Gavilan OKs new bond survey

BANDIERA-LOCCI WON’T SEEK TO RETURN TO BOARD

Purchased with Measure E funds, the 80-acre Fairview Corners plot in Hollister remains undeveloped after the bond passed in 2004.

When Lois Bandeira-Locci was campaigning four years ago for the District 7 seat on the Gavilan Joint Community College District board, the driving factor of her candidacy was the delayed development of the San Benito County extension campus.

As her term nears an end in November, Bandeira-Locci has answered many of her own questions as to why the Fairview Corners property remains an open field, and the reasoning behind differing allocations of 2004 bond dollars toward building the campus.

“That’s why I campaigned to get on the board in the first place,” said Bandeira-Locci, who is not seeking re-election. “It’s very important to make clear that no matter what the board could have done or should have done, there has never been approval to build at the Hollister site. … We are still waiting. It’s very frustrating.”

The well-versed trustee, who said she researched 10 years of board minutes to get the bottom of the issue, pointed out that environmental assessments have yet to be finalized since the 80-acre property was purchased in partnership with Morgan Hill-based Dividend Homes for $8 million more than a decade ago. Gavilan was also required to obtain “incidental take permits” and buy mitigation land for the California tiger salamander, a federally endangered species found at Fairview Corners.

Bandeira-Locci represents Gavilan’s District 7, an expansive boundary area that stretches from Fairview and parts of southern Hollister down to the district border at Coalinga and back north up through Aromas and San Juan Bautista.

“I’m working the best I can to get the word out that there is an opportunity here. There will be no incumbent running in District 7,” said Bandeira-Locci, who urged residents living within her trustee boundaries to seek office and help make sure the San Benito campus is completed with future bond measure funds.

At a May 21 meeting in Gilroy, the board focused on the potential for a new bond measure to be placed on the Nov. 6 ballot. No action was taken to move forward, but consultants reviewed results from a 2017 survey with those in attendance.

That community survey, conducted via phone and email between Aug. 31 and Sept. 14, 2017, was built around the possibility of floating a $248 million bond measure in November to fund facility upgrades at the main Gilroy campus and a new satellite campus in San Benito County.
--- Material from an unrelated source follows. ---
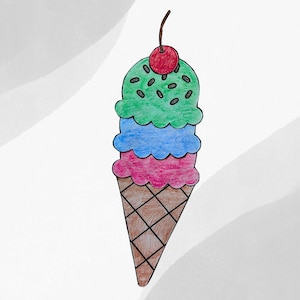 Build an ice cream craft activity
Of the 610 likely voters, 65 percent were in favor of the ballot measure and 27 percent were against it.

“The (board’s) overall reaction is that the numbers are quite positive,” Bandeira-Locci said.

In a unanimous vote May 21, the board approved funds for a second survey, with results expected in July. At that time, the board is expected to make a decision on whether to move forward with a November measure. Bandeira-Locci said the new survey will zero in on the measure’s average cost to property owners and on how long it would be in effect.
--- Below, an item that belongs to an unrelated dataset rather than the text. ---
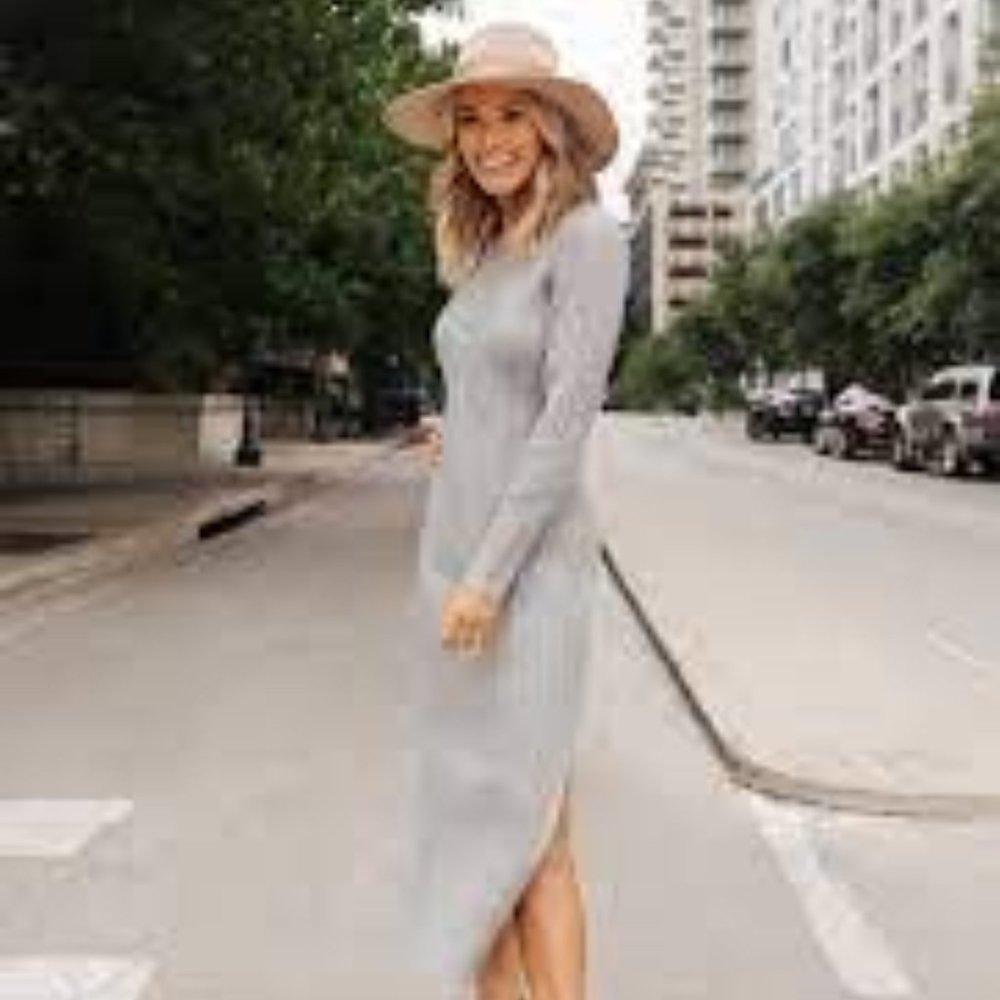 x BFF Hollie Long Sleeve Sweater Dress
As proposed, the measure would cost local property owners no more than $25 per $100,000 of assessed value, or about $113 per year, for as long as bonds are outstanding, according to Gavilan staff.

“The board has a level of consensus about doing the right thing and making San Benito a priority,” Bandeira-Locci said. “(The board) wants to see a San Benito site, and we have the numbers out here. Most students are commuting over there” to the main Gilroy campus.

In San Benito County, there are 1,860 students from Hollister, 94 from San Juan Bautista and nine from Tres Pinos who attend Gavilan, where total enrollment was 7,221 in fall 2017.

Since 1997, Gavilan students have attended a variety of classes at the Briggs Building in downtown Hollister, which offers limited student services and a variety of courses. This semester, 61 classes are being offered at Briggs.

A Phase 1 proposal for the San Benito campus includes options for one main building, portables for additional classrooms as needed, parking, a student center, library and athletic fields, according to Gavilan staff’s presentation.